From the material below, list every line containing "Seeds".

(Records supplied Opens)

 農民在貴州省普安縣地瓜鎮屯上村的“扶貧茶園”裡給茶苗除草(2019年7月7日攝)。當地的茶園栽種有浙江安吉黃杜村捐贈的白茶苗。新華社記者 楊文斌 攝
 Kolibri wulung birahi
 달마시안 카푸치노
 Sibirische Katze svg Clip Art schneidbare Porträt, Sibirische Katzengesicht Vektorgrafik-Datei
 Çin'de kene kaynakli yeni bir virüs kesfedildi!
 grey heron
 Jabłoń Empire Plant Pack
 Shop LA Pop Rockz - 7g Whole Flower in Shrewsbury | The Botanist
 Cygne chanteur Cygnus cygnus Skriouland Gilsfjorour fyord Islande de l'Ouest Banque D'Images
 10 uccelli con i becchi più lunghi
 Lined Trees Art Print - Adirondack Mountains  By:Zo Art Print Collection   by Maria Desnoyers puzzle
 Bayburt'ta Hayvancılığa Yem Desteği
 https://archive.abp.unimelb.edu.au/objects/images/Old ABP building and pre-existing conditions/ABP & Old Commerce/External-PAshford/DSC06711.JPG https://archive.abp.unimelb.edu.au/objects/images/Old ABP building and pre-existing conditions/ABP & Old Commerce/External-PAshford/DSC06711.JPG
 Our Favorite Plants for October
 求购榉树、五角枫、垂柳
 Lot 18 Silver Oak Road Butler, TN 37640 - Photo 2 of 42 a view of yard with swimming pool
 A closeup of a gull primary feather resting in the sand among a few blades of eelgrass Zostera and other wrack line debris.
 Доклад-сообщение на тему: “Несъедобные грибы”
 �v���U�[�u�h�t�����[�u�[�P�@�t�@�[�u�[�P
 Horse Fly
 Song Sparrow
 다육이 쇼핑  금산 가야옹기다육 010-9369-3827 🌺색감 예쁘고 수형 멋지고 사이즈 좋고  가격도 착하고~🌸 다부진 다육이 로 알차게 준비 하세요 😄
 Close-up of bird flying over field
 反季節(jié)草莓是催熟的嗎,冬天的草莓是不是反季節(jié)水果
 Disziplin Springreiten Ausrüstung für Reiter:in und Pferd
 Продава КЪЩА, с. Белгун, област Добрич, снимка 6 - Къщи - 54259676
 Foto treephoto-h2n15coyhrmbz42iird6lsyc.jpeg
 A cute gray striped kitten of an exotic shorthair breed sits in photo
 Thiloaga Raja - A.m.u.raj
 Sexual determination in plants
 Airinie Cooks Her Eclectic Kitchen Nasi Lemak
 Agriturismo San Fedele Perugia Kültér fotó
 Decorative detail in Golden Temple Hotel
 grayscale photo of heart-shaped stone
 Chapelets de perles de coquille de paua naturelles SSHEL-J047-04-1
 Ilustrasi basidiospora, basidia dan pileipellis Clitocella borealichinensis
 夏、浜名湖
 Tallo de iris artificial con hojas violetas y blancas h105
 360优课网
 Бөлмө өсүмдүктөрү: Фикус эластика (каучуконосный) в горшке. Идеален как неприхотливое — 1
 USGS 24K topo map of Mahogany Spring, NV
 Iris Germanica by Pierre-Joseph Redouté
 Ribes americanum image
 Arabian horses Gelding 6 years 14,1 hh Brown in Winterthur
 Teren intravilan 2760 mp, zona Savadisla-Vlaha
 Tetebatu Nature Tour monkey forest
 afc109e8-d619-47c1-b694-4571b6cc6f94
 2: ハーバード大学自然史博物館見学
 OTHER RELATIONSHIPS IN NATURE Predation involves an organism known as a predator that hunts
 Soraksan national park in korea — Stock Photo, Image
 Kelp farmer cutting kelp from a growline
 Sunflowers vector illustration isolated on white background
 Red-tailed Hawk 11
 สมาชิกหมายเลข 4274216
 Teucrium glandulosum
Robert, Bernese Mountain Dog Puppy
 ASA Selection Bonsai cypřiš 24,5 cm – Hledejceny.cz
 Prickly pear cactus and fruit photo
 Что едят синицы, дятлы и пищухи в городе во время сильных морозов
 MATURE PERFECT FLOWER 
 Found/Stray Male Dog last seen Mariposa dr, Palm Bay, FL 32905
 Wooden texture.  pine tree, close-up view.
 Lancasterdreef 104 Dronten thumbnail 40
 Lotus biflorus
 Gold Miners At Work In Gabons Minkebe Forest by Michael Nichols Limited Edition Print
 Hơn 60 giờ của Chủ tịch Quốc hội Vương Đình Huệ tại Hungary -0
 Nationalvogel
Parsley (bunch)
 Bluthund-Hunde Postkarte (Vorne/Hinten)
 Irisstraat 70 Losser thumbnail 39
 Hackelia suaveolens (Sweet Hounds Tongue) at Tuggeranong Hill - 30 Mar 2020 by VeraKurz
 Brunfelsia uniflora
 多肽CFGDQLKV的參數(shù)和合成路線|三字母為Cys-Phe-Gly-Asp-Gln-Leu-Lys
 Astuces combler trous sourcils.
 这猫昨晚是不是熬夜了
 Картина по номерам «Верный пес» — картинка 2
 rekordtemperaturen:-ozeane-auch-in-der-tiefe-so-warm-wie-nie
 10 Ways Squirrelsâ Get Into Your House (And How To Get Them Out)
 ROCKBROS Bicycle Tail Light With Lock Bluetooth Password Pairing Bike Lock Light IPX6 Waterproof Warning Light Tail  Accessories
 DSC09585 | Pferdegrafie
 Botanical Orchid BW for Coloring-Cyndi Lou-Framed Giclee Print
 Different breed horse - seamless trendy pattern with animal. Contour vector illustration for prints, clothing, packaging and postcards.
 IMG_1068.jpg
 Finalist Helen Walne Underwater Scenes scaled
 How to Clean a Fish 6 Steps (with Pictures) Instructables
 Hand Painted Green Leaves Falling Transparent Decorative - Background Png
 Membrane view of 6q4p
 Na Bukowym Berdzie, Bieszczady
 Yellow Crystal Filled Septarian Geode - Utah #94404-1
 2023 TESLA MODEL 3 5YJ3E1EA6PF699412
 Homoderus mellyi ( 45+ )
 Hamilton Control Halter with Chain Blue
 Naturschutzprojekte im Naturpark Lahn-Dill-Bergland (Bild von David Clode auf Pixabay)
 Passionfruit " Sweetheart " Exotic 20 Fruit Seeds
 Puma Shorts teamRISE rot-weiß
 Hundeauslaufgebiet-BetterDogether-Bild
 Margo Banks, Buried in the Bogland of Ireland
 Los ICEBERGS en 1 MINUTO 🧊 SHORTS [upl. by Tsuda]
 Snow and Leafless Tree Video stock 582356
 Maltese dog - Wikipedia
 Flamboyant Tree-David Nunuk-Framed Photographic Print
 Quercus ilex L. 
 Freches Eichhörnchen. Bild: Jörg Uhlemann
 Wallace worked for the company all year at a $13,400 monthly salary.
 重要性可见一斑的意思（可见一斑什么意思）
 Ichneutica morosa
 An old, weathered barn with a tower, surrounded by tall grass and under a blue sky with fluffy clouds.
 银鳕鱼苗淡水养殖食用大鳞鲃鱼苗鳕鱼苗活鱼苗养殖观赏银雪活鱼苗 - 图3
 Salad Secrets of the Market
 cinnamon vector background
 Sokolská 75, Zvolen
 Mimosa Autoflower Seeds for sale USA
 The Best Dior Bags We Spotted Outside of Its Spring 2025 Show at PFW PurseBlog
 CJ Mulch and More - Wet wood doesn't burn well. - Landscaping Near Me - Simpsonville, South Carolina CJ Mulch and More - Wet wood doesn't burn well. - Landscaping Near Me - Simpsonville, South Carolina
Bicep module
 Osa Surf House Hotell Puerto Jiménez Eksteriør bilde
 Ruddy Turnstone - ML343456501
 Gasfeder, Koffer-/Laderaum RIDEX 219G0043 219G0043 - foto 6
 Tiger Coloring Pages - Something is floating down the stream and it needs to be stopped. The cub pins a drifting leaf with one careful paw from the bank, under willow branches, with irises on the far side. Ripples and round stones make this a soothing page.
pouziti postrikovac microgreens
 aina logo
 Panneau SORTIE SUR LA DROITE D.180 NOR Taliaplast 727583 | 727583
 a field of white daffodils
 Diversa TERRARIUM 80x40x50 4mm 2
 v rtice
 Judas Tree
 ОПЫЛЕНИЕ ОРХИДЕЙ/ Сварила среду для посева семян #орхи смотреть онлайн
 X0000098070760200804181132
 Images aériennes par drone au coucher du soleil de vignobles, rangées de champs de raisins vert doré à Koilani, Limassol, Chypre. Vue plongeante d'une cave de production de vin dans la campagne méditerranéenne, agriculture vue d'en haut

(Records supplied Closes)

Solution below:
 Passionfruit " Sweetheart " Exotic 20 Fruit Seeds
 Mimosa Autoflower Seeds for sale USA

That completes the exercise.